Would you print exactly the lines that begin the listing and continue through the line holding "The only thing"? No pictures, please.

> [DATA EXCERPT]

==============================

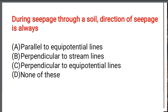Next question: During seepage through the soil, the direction of seepage is always — Option A: Parallel to equipotential lines. Option B: Perpendicular to stream lines. Option C: Perpendicular to equipotential lines. Option D: None of the above. The correct answer is Option C: Perpendicular to the equipotential lines.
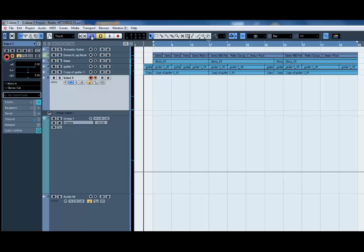The only thing we need now is to enable record on this track. Take out the cycle, and now I'm going to record — let's see.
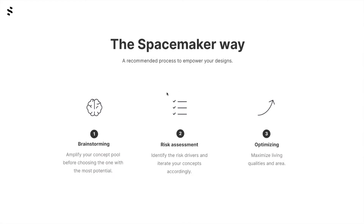The second step of the Spacemaker way is risk assessment. We want to identify the risk drivers and iterate our concepts accordingly.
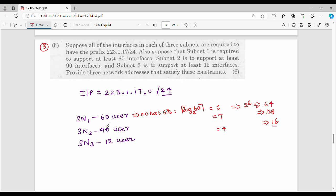For 60 users, we assign using powers of 2. Since 60 is above 32 but below 64, 60 users will require 2 to the power 6 which gives 64 addresses. For 90 users, 2 to the power 7 gives 128 addresses. For 12 users, 2 to the power 4 gives 16 addresses. So we have 64, 128, and 16 addresses.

==============================

> [ANSWER SECTION]
Next question: During seepage through the soil, the direction of seepage is always — Option A: Parallel to equipotential lines. Option B: Perpendicular to stream lines. Option C: Perpendicular to equipotential lines. Option D: None of the above. The correct answer is Option C: Perpendicular to the equipotential lines.
The only thing we need now is to enable record on this track. Take out the cycle, and now I'm going to record — let's see.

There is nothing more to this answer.